In My Previous Article titled Clubbing of Income and related provisions- Part I I have discussed the meaning of Clubbing, When it is applicable, and some of the provisions related to Clubbing. In this article I have further covered the remaining provisions :-
Analysis of ‘Revocable’ transfer of asset
As per the provisions of Section 61, Income arising from the irrevocable transfer of assets shall not be clubbed in the hands of transferor , where irrevocable transfer of assets are the assets transferred to any person not revocable during the life time of the transferee.
Literal meaning of above states that , if asset is revocable after the life time of the transferee , in such case provisions of Section 61 shall not be attracted, i.e., re-transfer after the life time shall not be termed as revocable transfer of assets at the first place.
For Instance: If an individual makes revocable transfer of assets in present to a senior person and make arrangements to receive such asset by way of will or inheritance in the future, in such case ,
– income from the transferred asset shall be taxed in the hands of transferee
– and, asset received by way of will or inheritance shall be exempt u/s 56(2)(vii) to attract tax provisions under Income from Other Sources.

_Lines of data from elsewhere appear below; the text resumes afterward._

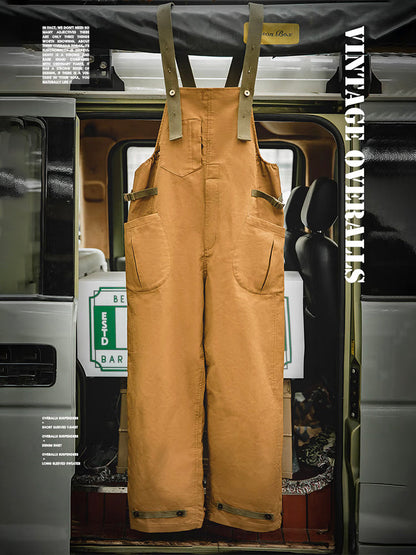 Lockerer Stretch-Overall für Herren mit einzigartiger Tasche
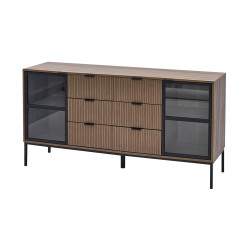 دولاب بوفية من الخشب والزجاج 160 سم دولاب بوفية من الخشب والزجاج 160 سم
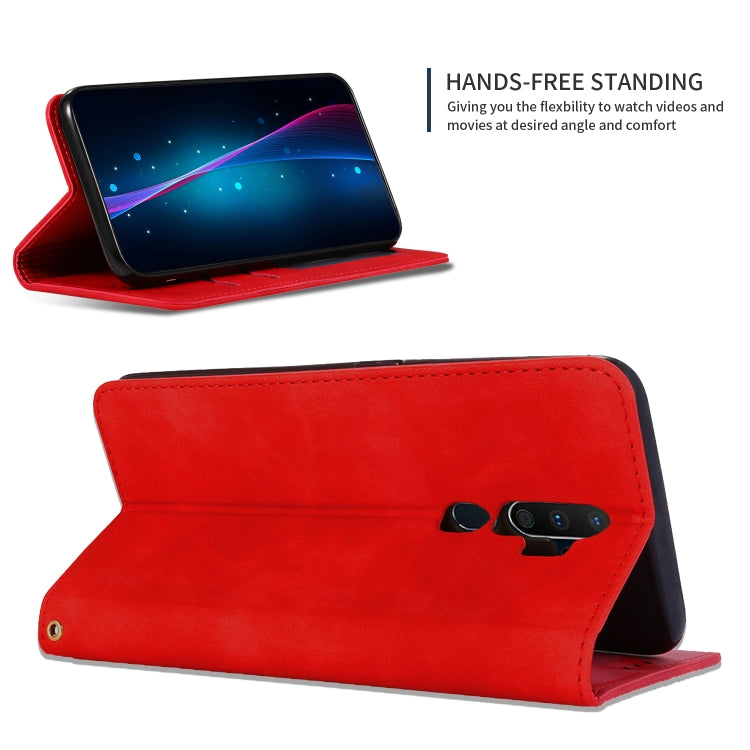 Retro Skin Feel Business Magnetic Horizontal Flip Leather Case, For OPPO A9 2020 & A5 2020 & A11X, For OPPO Reno 2Z & Reno 2F
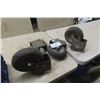 Image 4 : 4 Matching Solid Rubber Wheels with Swivel Casters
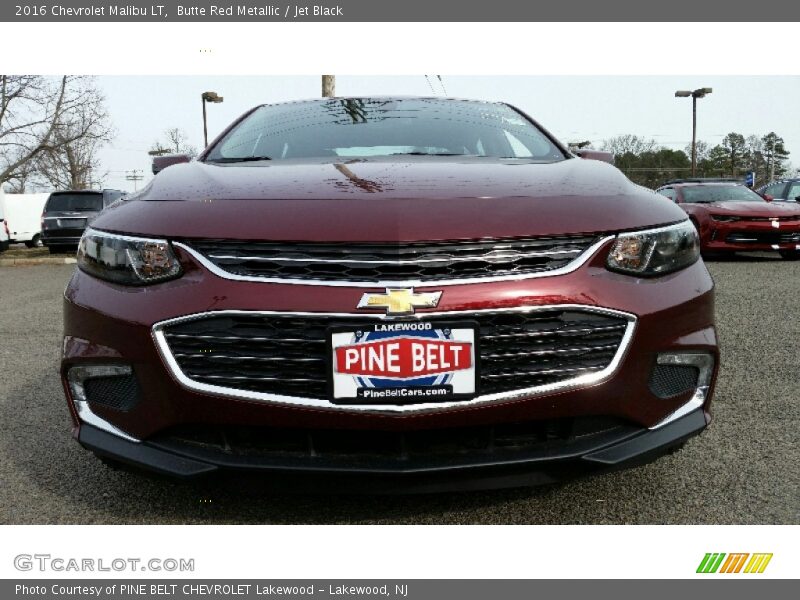 Butte Red Metallic / Jet Black 2016 Chevrolet Malibu LT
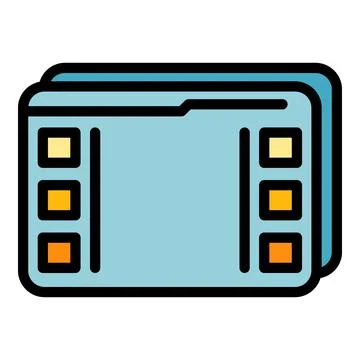Kit interface icon color outline vector 스톡 일러스트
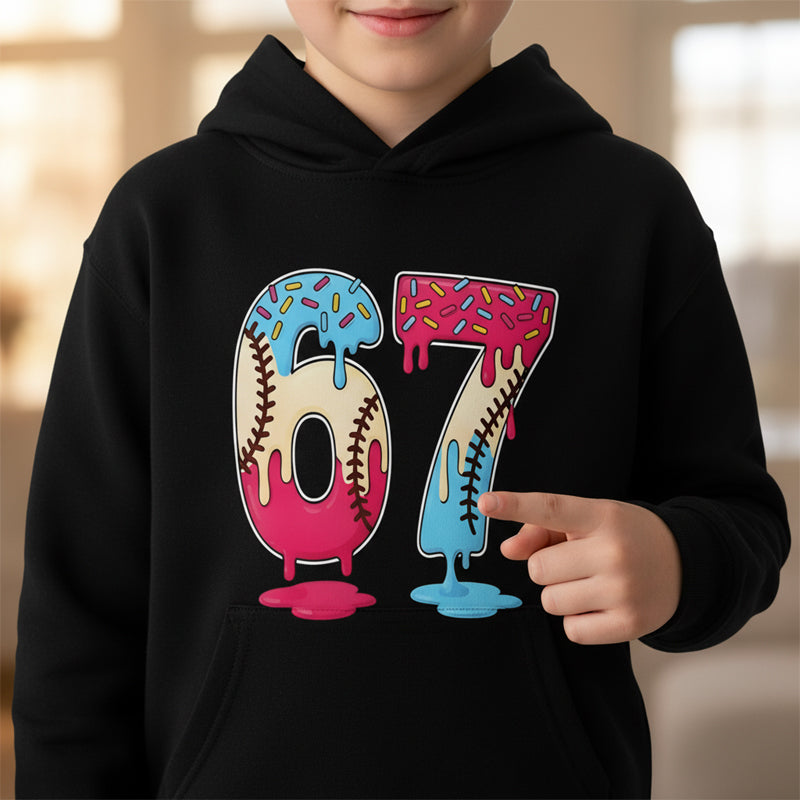 Icone™ KidsSweatshirt: Leuk Ontwerp Comfortabele Pasvorm Kids Dagelijks Draag Sweatshirt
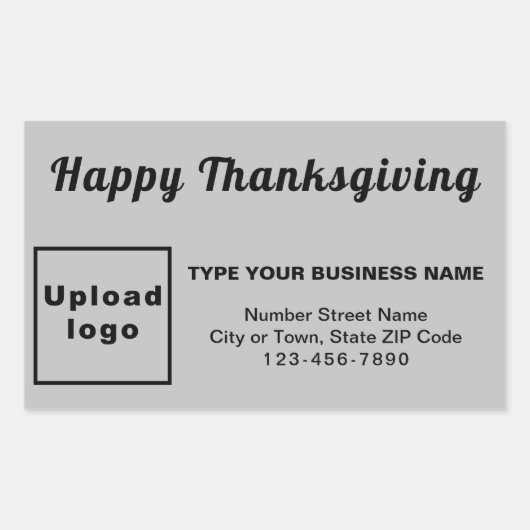 Gray Rectangle Aufkleber für Erntedank (Vorderseite)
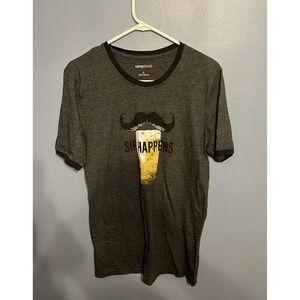 Unisex SIP HAPPENS T-SHIRT! Ringer T-Shirt SZ LG Funny Drinking Party T-Shirts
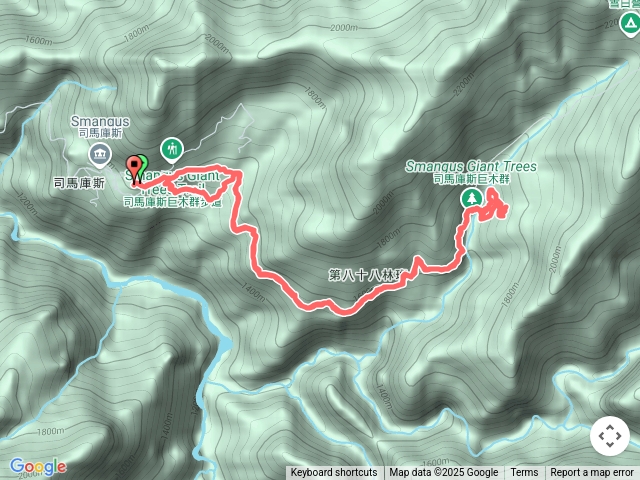 司馬庫斯巨木與瀑布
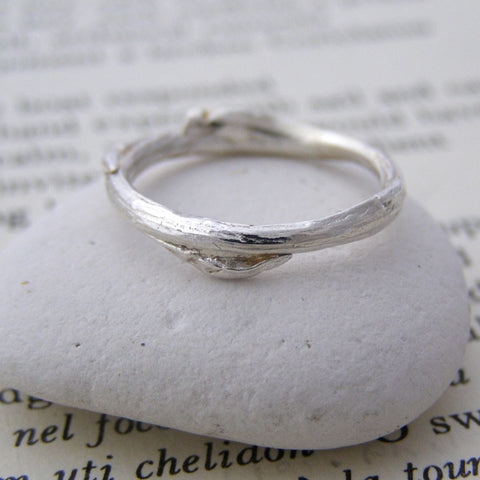 Silver Willow Ring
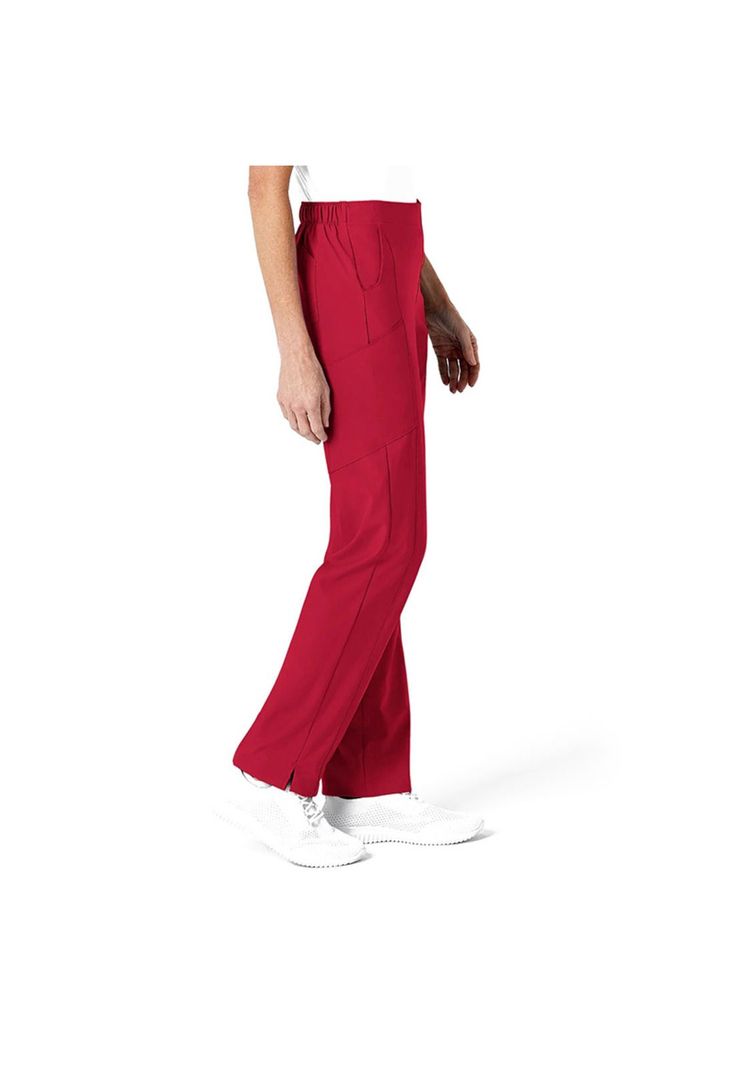 Pantalón Clínico Mujer Wonderwink 5155 Rojo-4
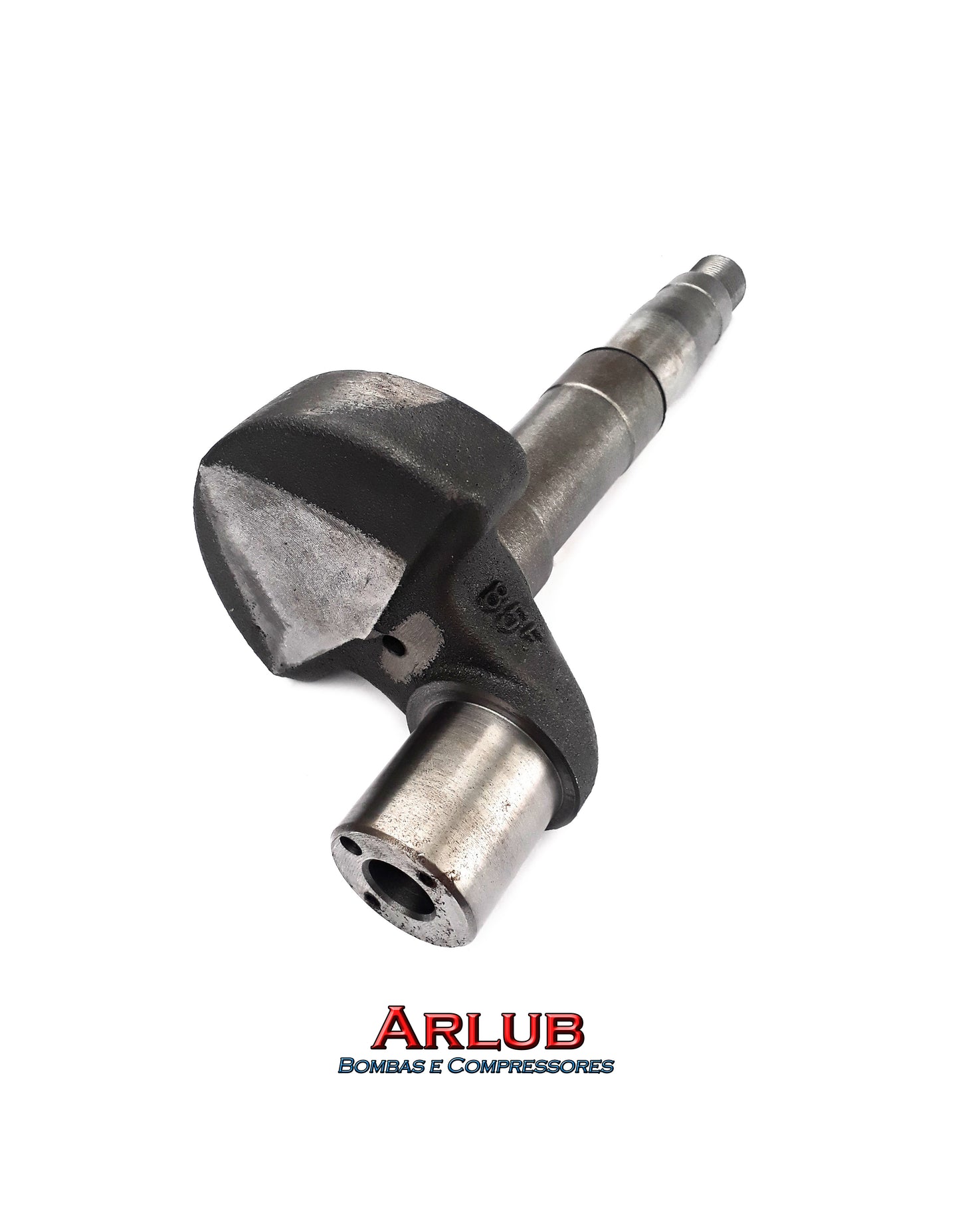 Virabrequim para compressor Schulz antigo MSV 20 20s / MSV 15ap (2098)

Transfer to Spouse, Sec 64(1)(iv) v/s Revocable transfer of asset, Sec 61
Case Study : Where an asset has been transferred to spouse as an irrevocable transfer i.e. not revocable during the lifetime, whether income from such transferred asset shall be clubbed in the hands of transferor or not ?
Although Sec 61 states that income from irrevocable transfer of asset shall not be clubbed in the hands of transferor , in case above Sec 64(1)(iv) shall prevail over Sec 61 . Even if irrevocable transfer of asset has been made to the spouse , the consideration taken shall be the criteria as per Sec 64(1)(iv) ( It has been assumed that , there is no adequate consideration). Therefore, income from such irrevocable transfer to the spouse shall be clubbed in the hands of transferor in above case.
1. If the transferee sells the transferred assets, then Capital Gains (as the case may be) shall also be clubbed with the income of the transferor.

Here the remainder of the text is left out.